Muscogee County School Board members meet Thursday, December 14, 2017, with members of the local legislative delegation to present priorities in advance of the 2018 Georgia General Assembly. mrice@ledger-enquirer.com

The Muscogee County School District has released its updated legislative priorities, a month before the 2018 Georgia General Assembly convenes.

MCSD Superintendent David Lewis presented the list of 10 concerns during Thursday's meeting the Muscogee County School board conducted with the Columbus legislative delegation. In no particular order, Lewis said, the district's priorities are:

1. "Release local school districts to pursue other health care options for their classified employees outside of the State Health Plan."

Classified employees are the support staff, the ones without a teaching certificate, such as custodians, cafeteria workers, secretaries and bus drivers.
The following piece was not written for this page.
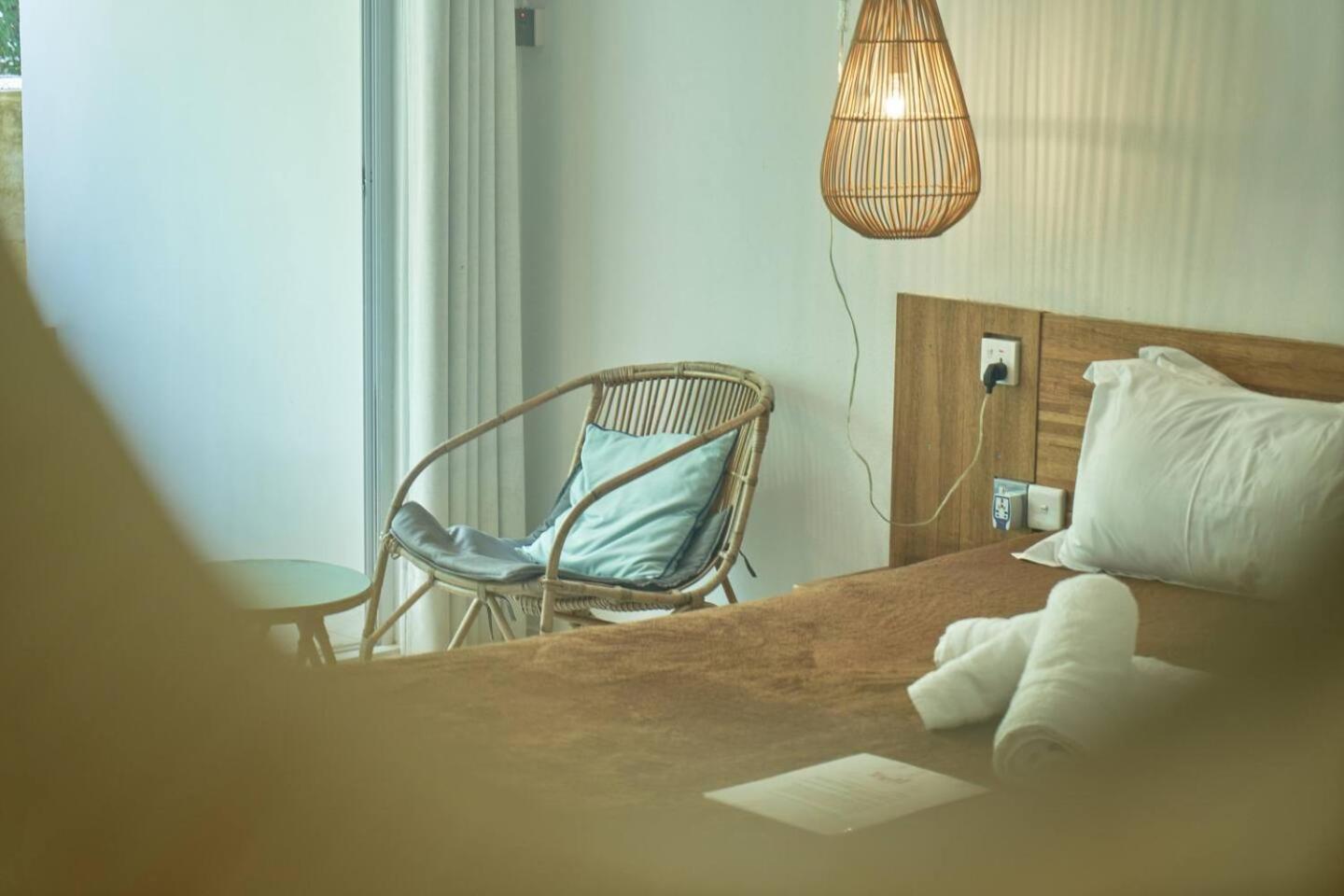 Loukaz -Entire Rental Units W Panoramic Rooftop Coteau Raffin Екстериор снимка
If this is allowed, school districts could form regional plans that could save money on health insurance for employees and school districts.

2. "Improve the Public School Employee Retirement Savings plan."

MCSD contends this plan is "inadequate and produces very little income for long-service retirees from custodial, plant service, food service and bus driving positions." The district recommends a plan that rewards long-service personnel.

3. "Adjust QBE funding."

QBE is the Quality Basic Education act, which prescribes the state's funding formula for its public school districts. It's 37 years old, needs updating and never has been fully funded, critics insist.

MCSD contends, "State of Georgia funding for entry-level teachers ($36,311) will significantly lag behind other professional positions in the labor market and create a disincentive in attracting college graduates to this profession. Also, the current traditional salary schedule of only rewarding growth for years of experience and additional degrees does not reward the behavior that drives student achievement and dissuades newer teachers from staying in the profession."

4. "Increase funding for staffing that supports compliance under IDEA and ADA, due to the increasing number of students with exceptionalities in the state of Georgia and the complexity of the disabilities local school districts need to support."

5. "Review and revise, as necessary, the current equalization formula."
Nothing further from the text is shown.